General Audience — February 24, 1993

In an earlier catechesis we spoke of the Bishop of Rome as the Successor of Peter. This succession has fundamental importance for fulfilling the mission that Jesus Christ handed on to the apostles and the Church.

The Second Vatican Council teaches that the Bishop of Rome, as Vicar of Christ, has supreme and universal power over the whole Church (cf. LG 22). This power, as well as that of all bishops, has a ministerial character (ministerium means service), as the Fathers of the Church had already observed.

The conciliar definitions on the Bishop of Rome's mission must be understood and explained in the light of this Christian tradition. It should be kept in mind that the traditional language used by the councils, especially the First Vatican Council, in regard to the powers of both the Pope and the bishops, uses terms proper to the world of civil law, which in this case must be given their correct ecclesial meaning.

Inasmuch as the Church is a group of human beings called to carry out in history God's plan for the salvation of the world, power in her appears as an indispensable requirement of mission. Nevertheless, the analogical value of the language used allows power to be conceived in the sense provided by Jesus' maxim on "power in order to serve" and by the Gospel idea of the pastoral leader.
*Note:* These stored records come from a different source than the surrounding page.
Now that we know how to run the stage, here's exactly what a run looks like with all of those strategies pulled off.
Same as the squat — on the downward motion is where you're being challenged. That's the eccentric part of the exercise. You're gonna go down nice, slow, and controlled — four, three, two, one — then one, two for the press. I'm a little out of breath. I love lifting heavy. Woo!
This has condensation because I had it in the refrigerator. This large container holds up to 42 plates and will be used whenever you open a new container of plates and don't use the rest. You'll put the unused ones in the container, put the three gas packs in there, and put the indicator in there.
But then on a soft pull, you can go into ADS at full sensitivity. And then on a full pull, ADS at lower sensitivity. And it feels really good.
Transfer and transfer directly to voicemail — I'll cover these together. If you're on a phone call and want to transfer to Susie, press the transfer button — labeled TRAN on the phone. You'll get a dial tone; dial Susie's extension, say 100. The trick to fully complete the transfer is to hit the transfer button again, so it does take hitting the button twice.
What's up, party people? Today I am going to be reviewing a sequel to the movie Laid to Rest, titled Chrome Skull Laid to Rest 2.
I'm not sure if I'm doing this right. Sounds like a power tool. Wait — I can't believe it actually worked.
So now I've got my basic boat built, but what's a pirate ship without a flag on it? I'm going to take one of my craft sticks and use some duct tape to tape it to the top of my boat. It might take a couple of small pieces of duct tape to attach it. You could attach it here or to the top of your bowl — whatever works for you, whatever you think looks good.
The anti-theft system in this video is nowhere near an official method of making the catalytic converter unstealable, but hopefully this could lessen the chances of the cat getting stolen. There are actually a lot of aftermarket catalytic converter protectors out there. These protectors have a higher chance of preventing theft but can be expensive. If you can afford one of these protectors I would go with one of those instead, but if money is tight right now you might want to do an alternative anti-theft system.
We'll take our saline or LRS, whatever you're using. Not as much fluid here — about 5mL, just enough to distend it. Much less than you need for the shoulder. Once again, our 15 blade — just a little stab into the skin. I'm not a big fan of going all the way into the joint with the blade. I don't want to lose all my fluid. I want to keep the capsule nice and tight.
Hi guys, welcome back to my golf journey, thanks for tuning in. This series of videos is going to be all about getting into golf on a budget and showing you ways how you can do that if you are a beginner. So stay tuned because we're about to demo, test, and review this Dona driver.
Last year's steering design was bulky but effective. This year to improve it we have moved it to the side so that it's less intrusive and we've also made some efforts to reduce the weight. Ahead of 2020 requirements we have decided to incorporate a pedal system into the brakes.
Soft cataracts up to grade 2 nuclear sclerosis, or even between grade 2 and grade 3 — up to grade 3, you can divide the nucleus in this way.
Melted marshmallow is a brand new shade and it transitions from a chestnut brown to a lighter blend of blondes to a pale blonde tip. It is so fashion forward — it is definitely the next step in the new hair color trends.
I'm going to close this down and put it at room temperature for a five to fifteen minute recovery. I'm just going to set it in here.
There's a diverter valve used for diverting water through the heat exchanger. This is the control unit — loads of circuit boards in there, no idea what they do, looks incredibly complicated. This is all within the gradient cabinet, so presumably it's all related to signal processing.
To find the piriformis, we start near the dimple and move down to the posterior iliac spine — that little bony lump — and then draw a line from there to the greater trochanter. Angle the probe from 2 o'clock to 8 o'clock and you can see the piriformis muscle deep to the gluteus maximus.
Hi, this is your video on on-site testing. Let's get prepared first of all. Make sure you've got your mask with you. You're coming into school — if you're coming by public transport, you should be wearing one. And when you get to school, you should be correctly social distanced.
The power required by the mission of Peter and his successors is identified with this authoritative leadership guaranteed of divine assistance, which Jesus himself called the ministry (service) of a shepherd.

Having said that, we can reread the definition of the Council of Florence (1439), which stated: "We define that the Holy Apostolic See--and the Roman Pontiff--has primacy over the whole world, and that the same Roman Pontiff is the successor of blessed Peter, prince of the apostles and true Vicar of Christ, head of the whole Church, and father and teacher of all Christians, and that upon him, in blessed Peter, our Lord Jesus Christ conferred the full power of shepherding, ruling and governing the universal Church, as is also stated in the acts of the ecumenical councils and the sacred canons" (DS 1307).

We know that historically the problem of the primacy was posed by the Eastern Church separated from Rome. The Council of Florence, trying to foster reunion, expressed the precise meaning of the primacy. It is a mission of service to the universal Church, which necessarily entails a corresponding authority precisely because of this service: the full power of shepherding, ruling and governing, without prejudice to the privileges and rights of the Eastern patriarchs, according to the order of their dignity (cf. DS 1308).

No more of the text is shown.